Data for this task
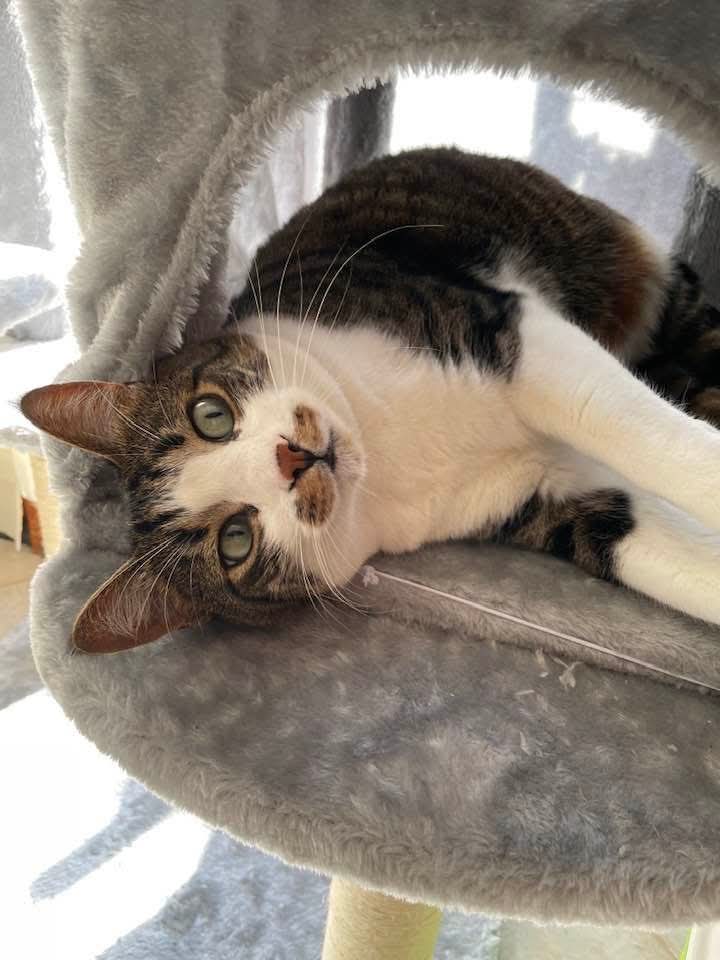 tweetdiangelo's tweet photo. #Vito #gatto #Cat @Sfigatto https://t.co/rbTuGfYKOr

--

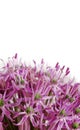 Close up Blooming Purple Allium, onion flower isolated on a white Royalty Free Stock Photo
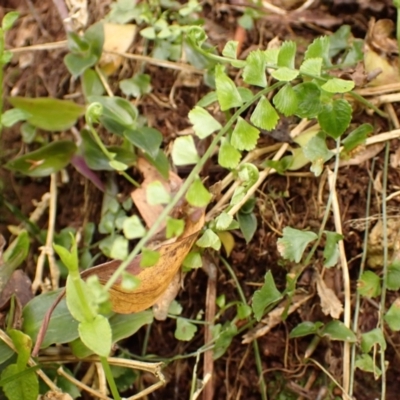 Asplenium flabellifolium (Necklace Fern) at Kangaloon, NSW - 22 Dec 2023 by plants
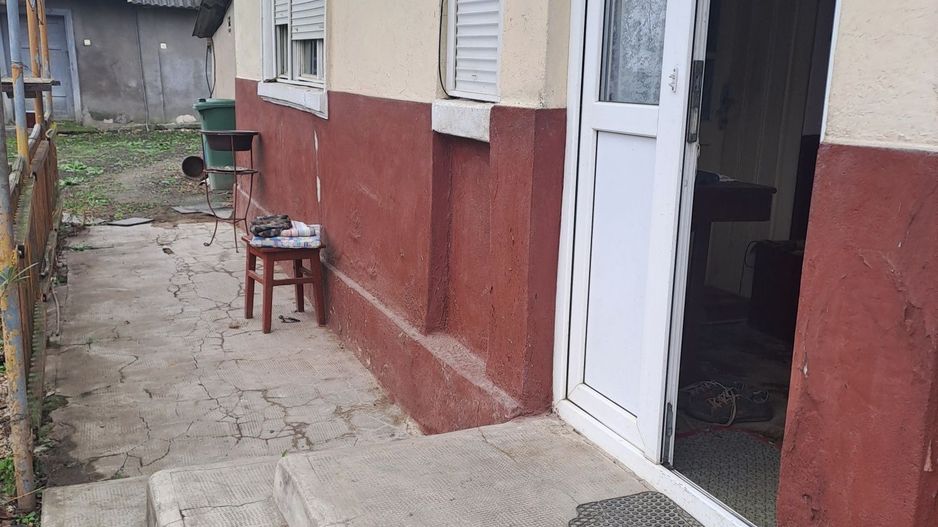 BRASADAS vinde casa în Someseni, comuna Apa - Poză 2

What to work on
Look above for the line holding "Asplenium flabellifolium (Necklace" and output everything from it down to the line holding "BRASADAS vinde casa", both ends included, exactly and without images.

Answer space
 Asplenium flabellifolium (Necklace Fern) at Kangaloon, NSW - 22 Dec 2023 by plants
 BRASADAS vinde casa în Someseni, comuna Apa - Poză 2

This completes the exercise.